Madam Speaker, I rise today in strong support of the National Defense Authorization Act. I begin by congratulating and thanking Chairman Smith and Ranking Member Rogers, as well as my counterparts on the CITI Subcommittee, Ranking Member Banks and former Ranking Member Stefanik for their bipartisan collaboration in helping to craft a national defense bill for the 61st consecutive year.

Thanks to the work of my subcommittee, this legislation includes a significant increase in early-stage research. Our research enterprise has always ensured our technology superiority. It is how we won the space race. Today, as the battlefield expands into cyberspace and outer space, we find ourselves facing a more aggressive Russia and China. I am proud that Congress has unlocked funds for hypersonics defense, directed energy, quantum computing, machine learning, and biotechnology so that we never send our war fighters into a fair fight.

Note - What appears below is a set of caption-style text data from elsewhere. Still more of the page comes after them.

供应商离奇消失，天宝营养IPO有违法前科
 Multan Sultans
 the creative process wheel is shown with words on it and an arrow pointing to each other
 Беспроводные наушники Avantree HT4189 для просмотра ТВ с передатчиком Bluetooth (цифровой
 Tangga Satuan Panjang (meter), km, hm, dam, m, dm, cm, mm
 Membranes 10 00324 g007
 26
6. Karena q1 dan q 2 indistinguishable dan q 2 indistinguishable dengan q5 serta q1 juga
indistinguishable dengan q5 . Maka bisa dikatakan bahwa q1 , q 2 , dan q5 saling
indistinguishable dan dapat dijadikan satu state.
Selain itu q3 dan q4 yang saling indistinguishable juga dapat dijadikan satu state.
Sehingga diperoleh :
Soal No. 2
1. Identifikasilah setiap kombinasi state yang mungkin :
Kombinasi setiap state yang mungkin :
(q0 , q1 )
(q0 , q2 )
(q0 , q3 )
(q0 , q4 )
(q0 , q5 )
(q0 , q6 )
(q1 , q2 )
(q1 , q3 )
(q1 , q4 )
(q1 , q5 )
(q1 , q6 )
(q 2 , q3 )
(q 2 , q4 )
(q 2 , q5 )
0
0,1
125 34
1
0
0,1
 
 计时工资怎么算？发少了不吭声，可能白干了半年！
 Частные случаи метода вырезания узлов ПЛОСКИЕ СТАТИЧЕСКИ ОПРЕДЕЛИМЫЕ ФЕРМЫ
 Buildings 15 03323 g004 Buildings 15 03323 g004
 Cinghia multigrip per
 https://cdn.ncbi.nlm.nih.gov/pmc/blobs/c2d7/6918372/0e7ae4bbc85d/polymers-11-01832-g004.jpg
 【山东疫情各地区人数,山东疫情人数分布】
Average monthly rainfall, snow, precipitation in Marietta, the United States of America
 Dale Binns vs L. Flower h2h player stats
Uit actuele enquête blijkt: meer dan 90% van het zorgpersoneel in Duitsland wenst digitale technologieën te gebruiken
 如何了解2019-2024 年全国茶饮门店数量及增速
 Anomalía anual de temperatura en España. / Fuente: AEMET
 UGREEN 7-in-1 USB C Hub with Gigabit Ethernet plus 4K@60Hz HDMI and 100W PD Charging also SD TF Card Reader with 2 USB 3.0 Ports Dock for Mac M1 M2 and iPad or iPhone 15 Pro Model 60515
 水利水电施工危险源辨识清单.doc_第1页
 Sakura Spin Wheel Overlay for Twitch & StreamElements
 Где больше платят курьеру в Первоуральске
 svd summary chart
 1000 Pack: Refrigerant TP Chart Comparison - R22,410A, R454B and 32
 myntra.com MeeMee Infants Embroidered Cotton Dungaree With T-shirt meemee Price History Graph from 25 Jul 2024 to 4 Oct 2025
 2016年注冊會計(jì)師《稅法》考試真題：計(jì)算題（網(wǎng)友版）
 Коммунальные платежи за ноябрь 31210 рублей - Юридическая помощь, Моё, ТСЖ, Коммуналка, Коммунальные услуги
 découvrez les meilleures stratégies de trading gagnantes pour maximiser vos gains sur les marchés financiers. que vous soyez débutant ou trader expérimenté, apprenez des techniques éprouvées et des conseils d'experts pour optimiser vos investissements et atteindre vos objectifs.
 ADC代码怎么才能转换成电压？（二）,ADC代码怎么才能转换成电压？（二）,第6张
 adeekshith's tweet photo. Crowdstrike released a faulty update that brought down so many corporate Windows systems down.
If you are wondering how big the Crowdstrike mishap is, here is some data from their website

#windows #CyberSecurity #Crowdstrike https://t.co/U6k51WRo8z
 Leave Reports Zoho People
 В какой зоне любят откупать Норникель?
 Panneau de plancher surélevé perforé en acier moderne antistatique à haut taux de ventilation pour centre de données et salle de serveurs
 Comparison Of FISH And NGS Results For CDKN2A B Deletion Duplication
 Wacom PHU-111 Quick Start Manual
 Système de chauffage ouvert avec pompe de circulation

Madam Speaker, I am most proud that this bill includes many recommendations from the National Security Commission on Artificial Intelligence, including funds to accelerate the deployment of new technology to the war fighter. I am also proud that in our first year as a subcommittee, the Subcommittee on Cyber, Innovative Technologies, and Information Systems, we have made significant investments in our cybersecurity forces, set a course for improved cybersecurity governance within the Department, and continue to strengthen the Department of Homeland Security's Cybersecurity and Infrastructure Security Agency.

The NDAA also fully funds key national security platforms, the Virginia-class and Columbia-class submarine programs. I thank the Rhode Islanders who build our Nation's submarines and make our country safer. Finally, this bill funds installation resilience projects to address the ongoing threat from climate change.

These achievements would not have been possible without the work of my subcommittee staff and personal staff.

I thank Michael Hermann, Josh Stiefel, Troy Nienberg, Payson Ruhl, Caroline Goodson, and Juliann Hitt, and former staffers Bess Dopkeen and Caroline Kehrli.

Madam Speaker, I urge all of my colleagues to support this bipartisan commitment to national security.